BEACO2N data is collected by a network of sensors, also known as "nodes", that are deployed in various locations. The nodes are part of a collaborative effort between different organizations, including academic institutions, government agencies, and non-profit organizations. The data collected by the nodes is made available to researchers and the public for analysis and use in developing solutions for climate change mitigation and adaptation.

#### How was the data collected?
BEACO2N blankets interesting locations with a network of sensors - called **"nodes"** -  approximately 1 mile (2km) apart from each other to measure green house gases and air quality. Although their individual nodes are less precise than the highly sensitive traditional sensors, when working as part of a network, our nodes create a highly detailed map of CO2 and pollutants in our air.

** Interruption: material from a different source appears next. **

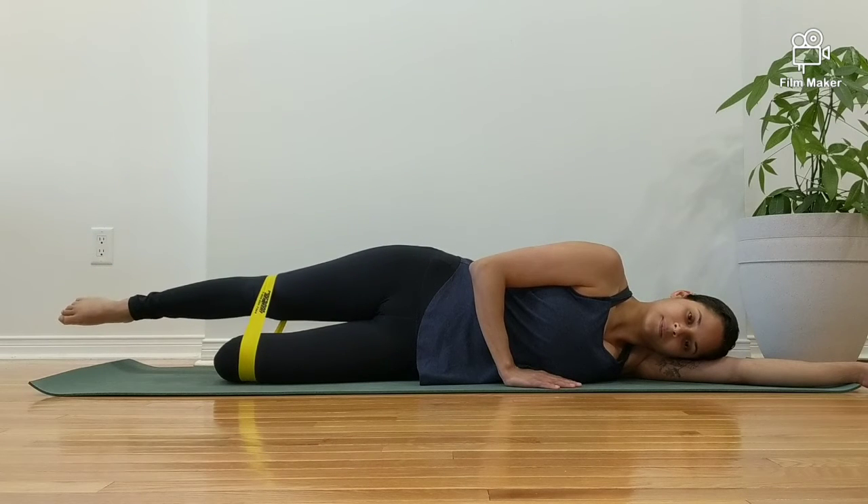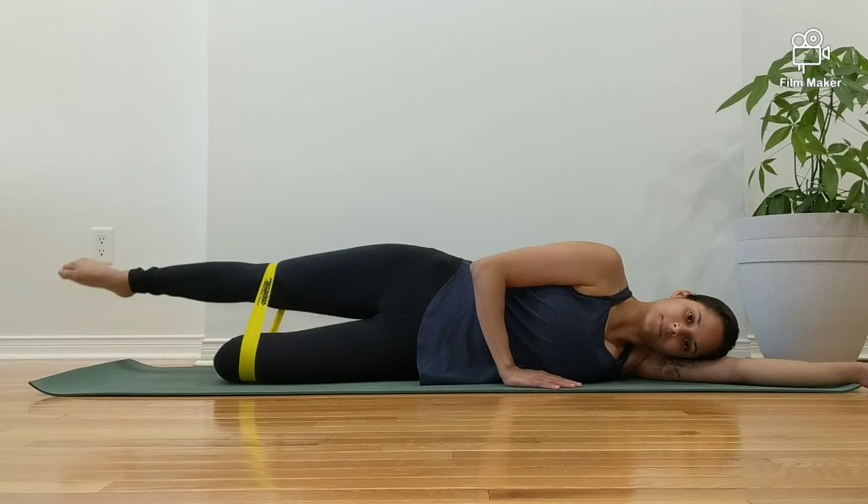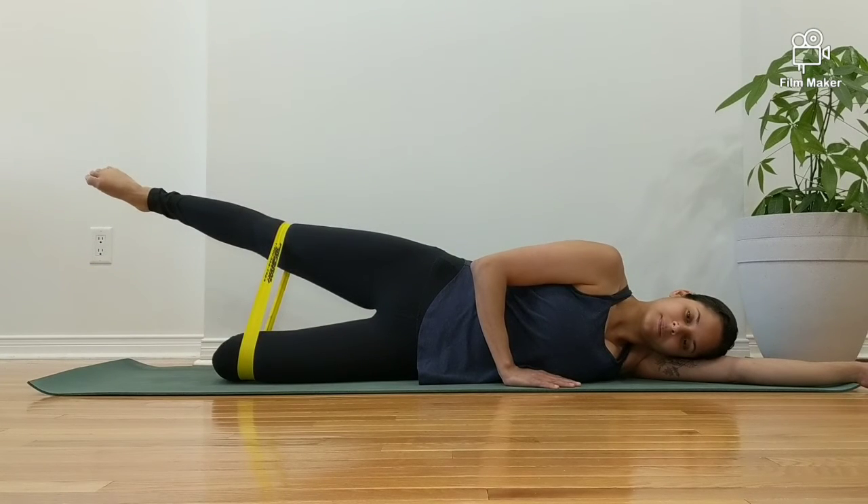If possible, you can add a little bit of hip extension to further bias your glutes. To accurately target the glutes, lift the leg only as high as is comfortable. Do not arch or side bend the lower back.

Their nodes are sampling the air for 6 gases and also aerosol in the same locations, every minute of the day.

**CO2**, or carbon dioxide, is typically measured in parts per million (ppm) or parts per billion (ppb). This is because CO2 is a trace gas in the Earth's atmosphere, meaning it makes up only a small fraction of the gases in the air. To measure the concentration of CO2 in the atmosphere, scientists use instruments like infrared gas analyzers that can detect and quantify the amount of CO2 in a sample of air. 

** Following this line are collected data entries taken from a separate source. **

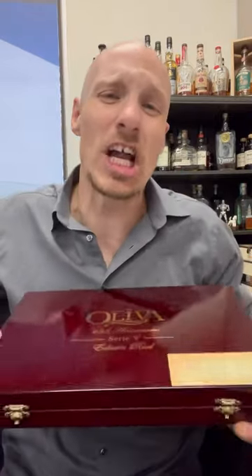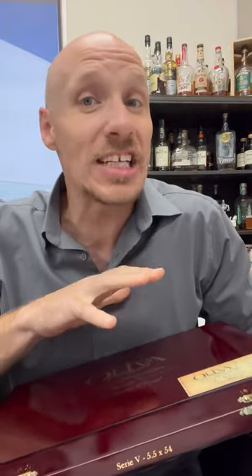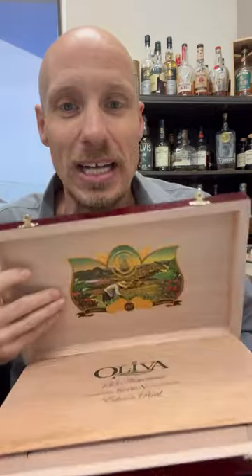It's about that time for the annual release of Oliva's 135th anniversary Serie V. I clasped it closed. A couple of things I want to look at inside this box this year — I'm checking these literally hashtag ROTT, right off the truck. I just cracked this box open.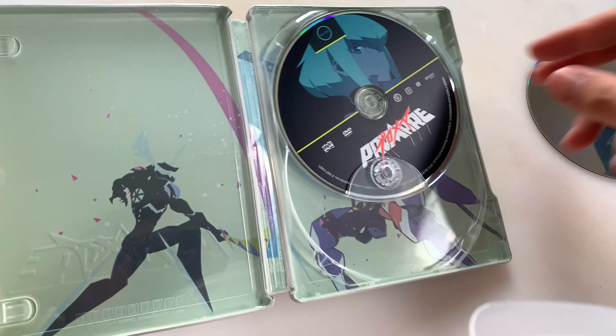And this is what the inside of the case looks like. It's a great film — I highly recommend picking this up. Let's put these back in. And there you have it. That is the Promare Blu-ray limited edition steelbook case unboxing. Thanks for watching.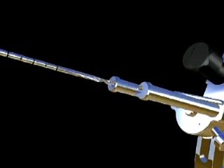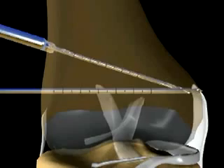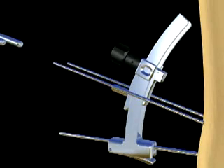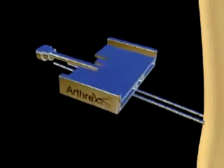The osteotomy guide pins are drilled parallel to the joint surface until they intersect the transverse pin 1 cm from the medial cortex. The guide is removed, followed by the transverse pin. The osteotomy cutting guide is placed over the guide pins.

#### What is represented in the data?
The locations BEACO2N tracks have nodes that contain sensors for **CO2, NO, NO2, O3, CO, and aerosol** in addition to sensors for **temperature, pressure, and relative humidity**. Data from these sensors are collected once every five seconds onto a miniature computer which then sends the data to a centralized server. When combined with data from other nodes, it can be used to produce concentration maps, track pollution plumes, and to constrain calculations of emissions, to name a few possibilities.

## Understanding the data

For the puposes of this notebook we will be using a dataset of CO2 emissions from the beginning of 2022 to beginning of 2023.

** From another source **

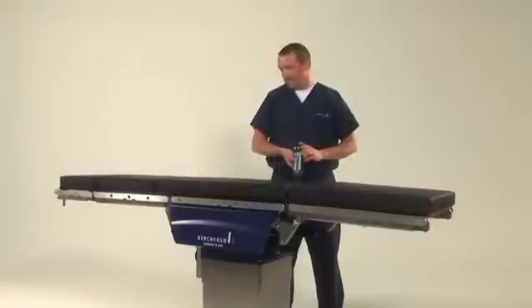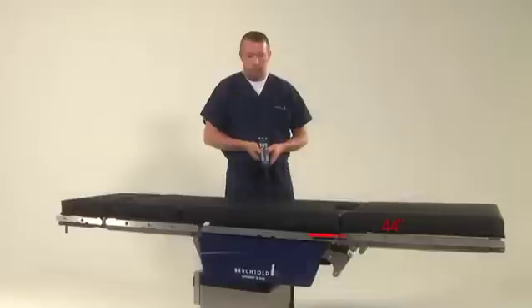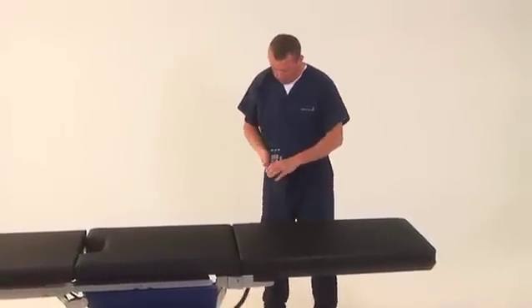The longitudinal slide permits up to 40 inches of upper body imaging and 44 inches of lower body imaging. Additional access is available by using imaging extension accessories.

`Timestamp: 2022-01-01 23:00:00 to 2023-01-01 23:00:00` <br>
`Node: Explortanium Bay`

#### The Dataset
Based on the screenshot above, you should be able to download the metadata. You'll notice the file is saved as a '.csv'. A CSV (Comma Separated Values) file is a simple text file format used to store tabular data, which is commonly used in data science. In a CSV file, each row represents a single data record, and each column represents a specific attribute or feature of that record.

The values in a CSV file are separated by commas, which means that each comma separates a different column of data. The first row of a CSV file typically contains column headings, which describe the data in each column.

CSV files can be easily read and written by many software tools, including spreadsheet applications like Microsoft Excel, Google Sheets, or Python libraries like pandas. They are used in data science because they are a lightweight, easy-to-use format for storing and sharing large amounts of data, and they can be easily processed and analyzed by many programming languages and tools.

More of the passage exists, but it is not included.